[Stored items]
>>>>>

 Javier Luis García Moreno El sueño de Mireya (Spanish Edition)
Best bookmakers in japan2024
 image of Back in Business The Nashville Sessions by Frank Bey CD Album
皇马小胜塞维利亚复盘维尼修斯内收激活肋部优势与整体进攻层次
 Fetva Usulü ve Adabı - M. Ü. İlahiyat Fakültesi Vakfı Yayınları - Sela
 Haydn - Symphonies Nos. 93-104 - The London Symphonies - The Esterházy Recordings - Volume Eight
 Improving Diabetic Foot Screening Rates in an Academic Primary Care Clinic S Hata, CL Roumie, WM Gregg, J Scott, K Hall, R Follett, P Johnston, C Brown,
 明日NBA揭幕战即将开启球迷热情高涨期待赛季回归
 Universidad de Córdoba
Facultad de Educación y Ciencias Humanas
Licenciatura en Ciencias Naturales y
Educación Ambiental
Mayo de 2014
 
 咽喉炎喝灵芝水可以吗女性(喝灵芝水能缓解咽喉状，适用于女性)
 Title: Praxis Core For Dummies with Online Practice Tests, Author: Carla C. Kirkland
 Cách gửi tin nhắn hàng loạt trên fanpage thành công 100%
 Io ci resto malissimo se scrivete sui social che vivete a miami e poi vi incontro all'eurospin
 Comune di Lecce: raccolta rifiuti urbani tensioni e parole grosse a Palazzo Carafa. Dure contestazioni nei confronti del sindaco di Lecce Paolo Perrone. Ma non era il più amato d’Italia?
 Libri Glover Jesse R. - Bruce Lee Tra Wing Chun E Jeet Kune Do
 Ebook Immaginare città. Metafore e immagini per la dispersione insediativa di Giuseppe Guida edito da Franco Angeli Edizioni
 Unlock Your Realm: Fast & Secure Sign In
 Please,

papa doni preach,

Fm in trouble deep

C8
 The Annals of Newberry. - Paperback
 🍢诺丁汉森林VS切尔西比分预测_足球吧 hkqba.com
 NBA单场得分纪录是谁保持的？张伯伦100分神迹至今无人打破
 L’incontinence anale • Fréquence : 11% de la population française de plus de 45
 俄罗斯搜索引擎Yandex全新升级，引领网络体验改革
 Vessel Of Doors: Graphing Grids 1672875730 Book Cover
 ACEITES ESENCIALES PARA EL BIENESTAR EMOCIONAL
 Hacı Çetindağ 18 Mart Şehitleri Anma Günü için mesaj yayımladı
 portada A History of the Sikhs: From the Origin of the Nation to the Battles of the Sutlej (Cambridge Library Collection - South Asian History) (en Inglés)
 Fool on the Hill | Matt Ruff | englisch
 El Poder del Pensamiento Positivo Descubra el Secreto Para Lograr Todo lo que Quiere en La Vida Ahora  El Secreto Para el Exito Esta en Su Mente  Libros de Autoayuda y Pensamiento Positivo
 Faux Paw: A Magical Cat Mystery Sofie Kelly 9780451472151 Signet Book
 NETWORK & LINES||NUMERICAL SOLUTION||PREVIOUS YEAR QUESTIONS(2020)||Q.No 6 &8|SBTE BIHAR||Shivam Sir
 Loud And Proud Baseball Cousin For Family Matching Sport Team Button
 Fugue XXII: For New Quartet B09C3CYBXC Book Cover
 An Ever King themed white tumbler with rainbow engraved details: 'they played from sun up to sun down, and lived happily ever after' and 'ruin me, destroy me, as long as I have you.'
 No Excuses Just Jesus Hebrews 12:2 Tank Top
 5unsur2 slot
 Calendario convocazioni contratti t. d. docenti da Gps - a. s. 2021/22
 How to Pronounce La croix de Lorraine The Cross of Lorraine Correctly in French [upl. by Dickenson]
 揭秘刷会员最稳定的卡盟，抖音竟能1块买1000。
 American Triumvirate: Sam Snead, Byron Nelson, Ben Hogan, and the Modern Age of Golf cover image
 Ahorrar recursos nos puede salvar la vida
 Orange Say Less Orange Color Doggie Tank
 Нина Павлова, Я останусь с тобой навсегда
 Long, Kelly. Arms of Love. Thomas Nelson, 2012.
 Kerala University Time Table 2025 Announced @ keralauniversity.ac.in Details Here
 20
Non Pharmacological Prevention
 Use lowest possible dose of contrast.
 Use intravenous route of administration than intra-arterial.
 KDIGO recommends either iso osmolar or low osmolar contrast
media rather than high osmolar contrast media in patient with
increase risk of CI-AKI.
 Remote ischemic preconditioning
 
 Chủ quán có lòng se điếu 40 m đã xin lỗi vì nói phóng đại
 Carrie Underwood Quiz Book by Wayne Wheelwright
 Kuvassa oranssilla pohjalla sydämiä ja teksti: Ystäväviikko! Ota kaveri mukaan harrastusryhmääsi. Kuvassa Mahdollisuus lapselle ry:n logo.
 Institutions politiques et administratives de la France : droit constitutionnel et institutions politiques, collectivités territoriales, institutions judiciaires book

<<<<<

YOUR ASSIGNMENT: May I have exactly the lines from the one containing "Remote ischemic preconditioning" through the last line of the data, both included?

YOUR RESPONSE:
 Remote ischemic preconditioning
 
 Chủ quán có lòng se điếu 40 m đã xin lỗi vì nói phóng đại
 Carrie Underwood Quiz Book by Wayne Wheelwright
 Kuvassa oranssilla pohjalla sydämiä ja teksti: Ystäväviikko! Ota kaveri mukaan harrastusryhmääsi. Kuvassa Mahdollisuus lapselle ry:n logo.
 Institutions politiques et administratives de la France : droit constitutionnel et institutions politiques, collectivités territoriales, institutions judiciaires book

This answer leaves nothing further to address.